[Items from a data source]
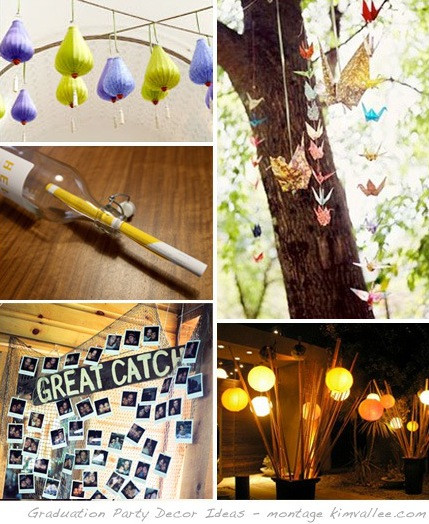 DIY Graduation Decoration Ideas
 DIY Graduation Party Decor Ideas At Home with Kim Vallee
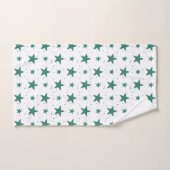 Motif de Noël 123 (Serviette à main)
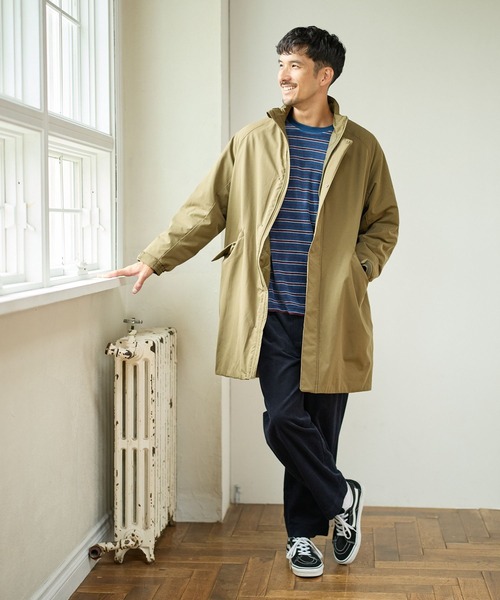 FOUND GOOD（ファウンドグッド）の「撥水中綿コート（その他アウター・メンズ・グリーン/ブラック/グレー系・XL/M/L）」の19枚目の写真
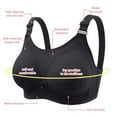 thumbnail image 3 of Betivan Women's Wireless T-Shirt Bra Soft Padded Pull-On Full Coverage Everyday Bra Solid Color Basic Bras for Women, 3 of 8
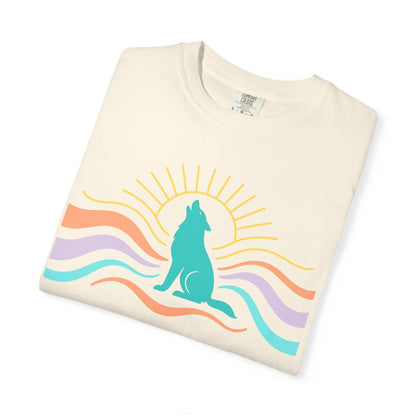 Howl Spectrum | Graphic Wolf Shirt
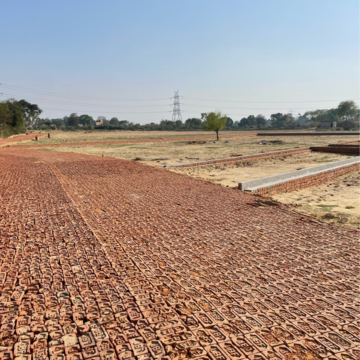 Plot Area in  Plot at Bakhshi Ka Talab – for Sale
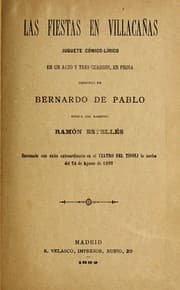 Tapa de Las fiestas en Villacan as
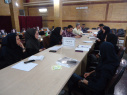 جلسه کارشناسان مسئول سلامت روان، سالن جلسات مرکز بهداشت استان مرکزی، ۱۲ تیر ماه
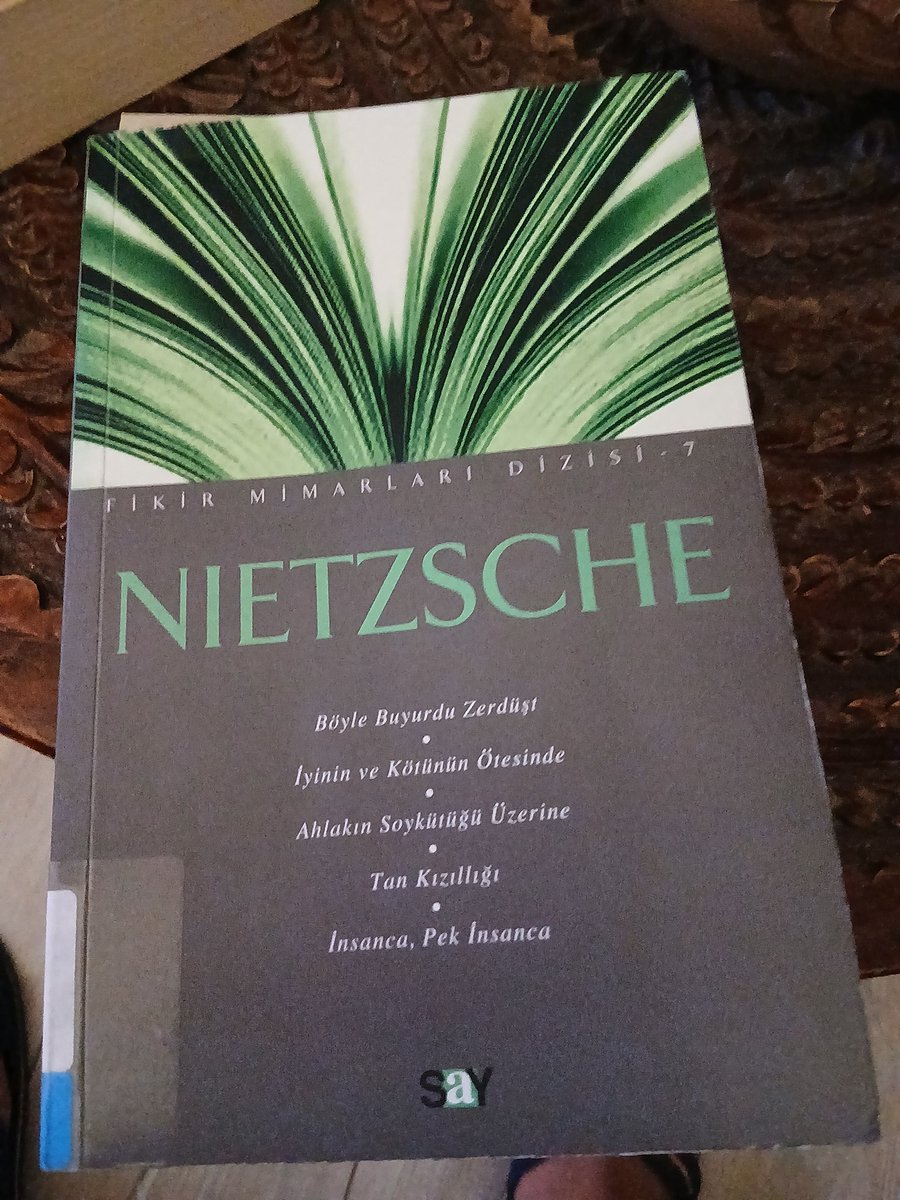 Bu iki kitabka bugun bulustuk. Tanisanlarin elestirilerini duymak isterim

→ The task
Could you write out all the records exactly, without the pictures?

→ Output for this task
 DIY Graduation Decoration Ideas
 DIY Graduation Party Decor Ideas At Home with Kim Vallee
 Motif de Noël 123 (Serviette à main)
 FOUND GOOD（ファウンドグッド）の「撥水中綿コート（その他アウター・メンズ・グリーン/ブラック/グレー系・XL/M/L）」の19枚目の写真
 thumbnail image 3 of Betivan Women's Wireless T-Shirt Bra Soft Padded Pull-On Full Coverage Everyday Bra Solid Color Basic Bras for Women, 3 of 8
 Howl Spectrum | Graphic Wolf Shirt
 Plot Area in  Plot at Bakhshi Ka Talab – for Sale
 Tapa de Las fiestas en Villacan as
 جلسه کارشناسان مسئول سلامت روان، سالن جلسات مرکز بهداشت استان مرکزی، ۱۲ تیر ماه
 Bu iki kitabka bugun bulustuk. Tanisanlarin elestirilerini duymak isterim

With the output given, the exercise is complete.